### [Data provided]
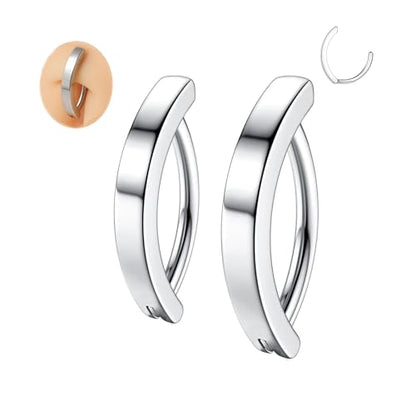 Clicker Belly Button Ring Hoop Belly Button Ring 14G Navel Ring | Surgical stainless steel hinged belly button ring for belly button piercing, navel body jewelry for women and men - color: 2pcs Silver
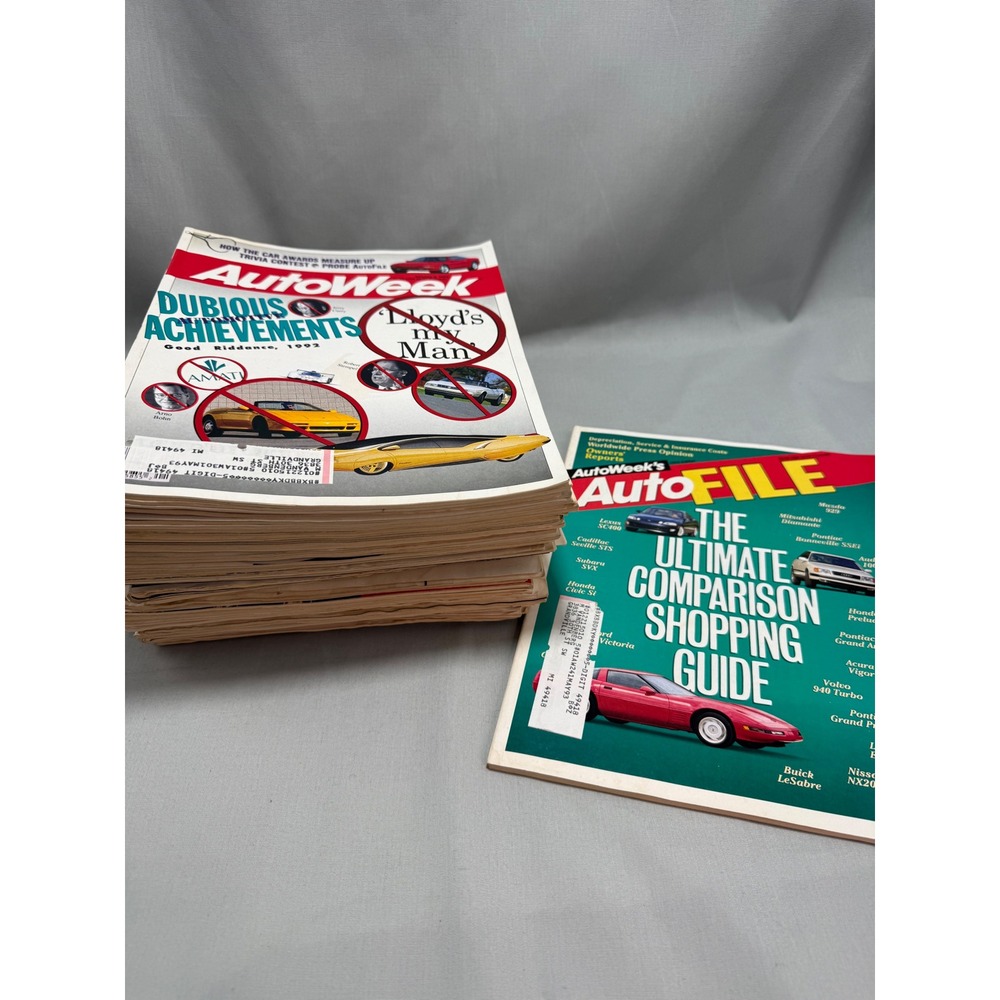 AutoWeek Magazine Lot 1993 Full Year 52 Issues Plus AutoFile Shopping Guide Cars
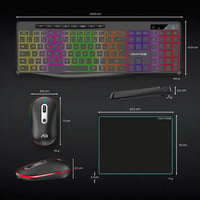 AD ADVANCE Vezeték Nélküli Billentyűzet Egér Szett RGB Háttérvilágítás Csendes Optikai LED Egér 1600 DPI Újratölthető PC Mac Laptop 9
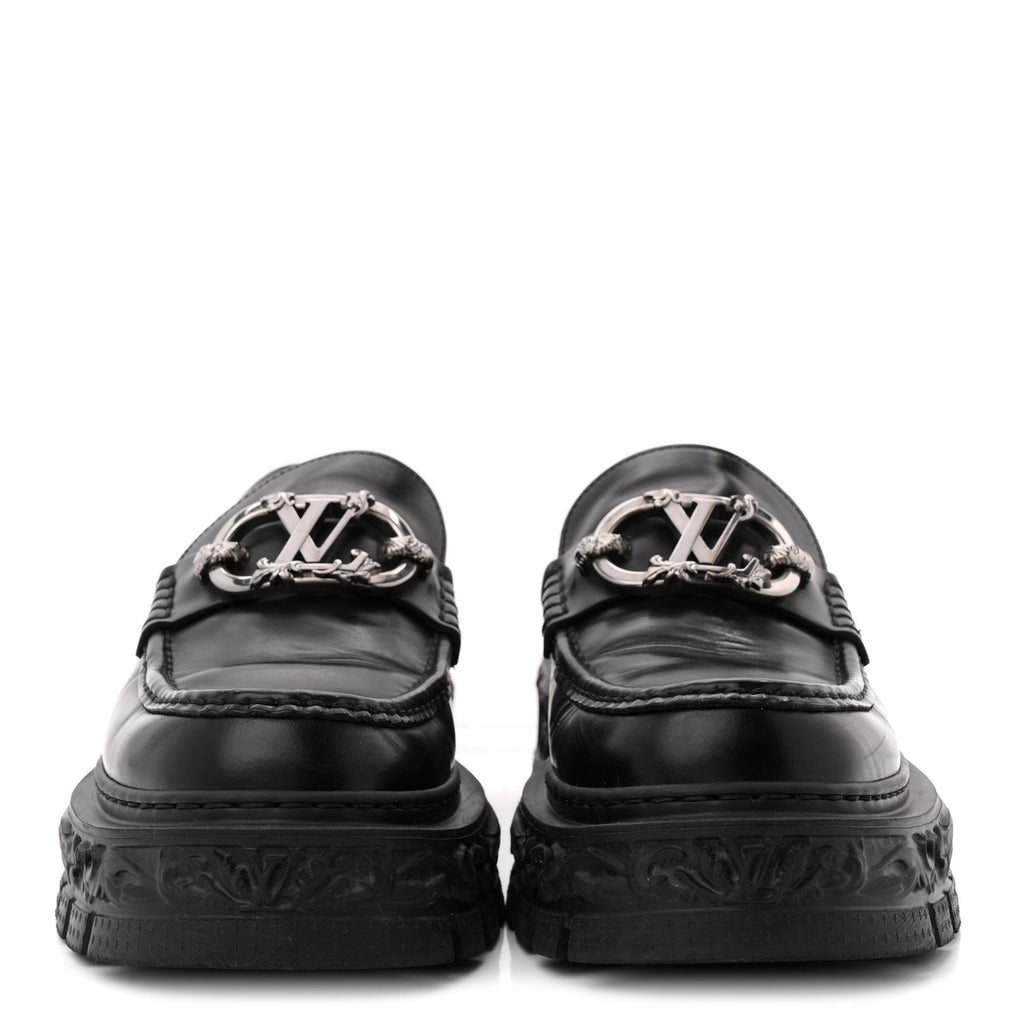 Louis Vuitton Calfskin Baroque Mens LV Loafers 8 Black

### [How to complete this task]
Output the data above in full. Skip every picture.

### [Result of the task]
 Clicker Belly Button Ring Hoop Belly Button Ring 14G Navel Ring | Surgical stainless steel hinged belly button ring for belly button piercing, navel body jewelry for women and men - color: 2pcs Silver
 AutoWeek Magazine Lot 1993 Full Year 52 Issues Plus AutoFile Shopping Guide Cars
 AD ADVANCE Vezeték Nélküli Billentyűzet Egér Szett RGB Háttérvilágítás Csendes Optikai LED Egér 1600 DPI Újratölthető PC Mac Laptop 9
 Louis Vuitton Calfskin Baroque Mens LV Loafers 8 Black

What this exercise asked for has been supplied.